I had the privilege of meeting all three of Denise's children and plus one's wife and another's boyfriend. This is quite a group of really nice, talented and fun people. I am honored that I will soon be part of their family. The jokes, laughter, conversation and activities were wonderful. We had a couple of photo sessions and a Thanksmas meal to prepare and eat. I am looking forward to any future time with any of them.
Also, on this trip, I was able to meet some of Denise's friends. One, a lady who is very shy and quiet (it was hard to get even a couple of words out of her) surprised me by asking the question "why Denise?".
While I did answer the question at the time, I have also been rethinking my answer since then.

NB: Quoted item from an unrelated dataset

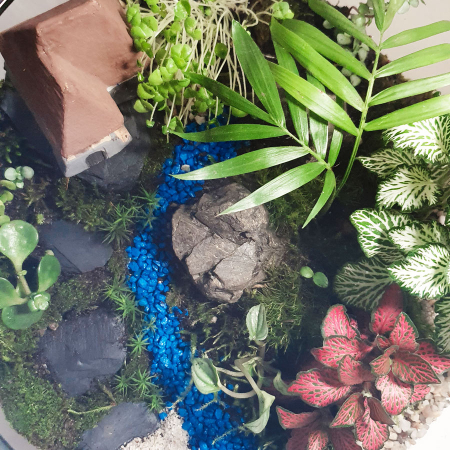 Terariu în vas de sticlă deschis mare "Refugiu în natură" DecoTerrarium [1]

Why, out of the roughly 2 billion women in the world, why have I chosen Denise to be the one that I will marry, that I will share the rest of my life with, the one to be my forever girl?
Ok, so maybe 1+ billion are from the Far East, Africa and such, whom I would never meet. You can take them out of the equation, if you like, but the question still remains, why Denise?
There are many reasons, including our shared common interests of photography, writing, being outdoors, not living life in front of a tv. These are wonderful parts of us, but not the main reasons. Other reasons include how beautiful she is, what a wonderful mom she is, and how she laughs at my jokes (even the "dad jokes" or "chuck-isms").
The following reasons are much more important.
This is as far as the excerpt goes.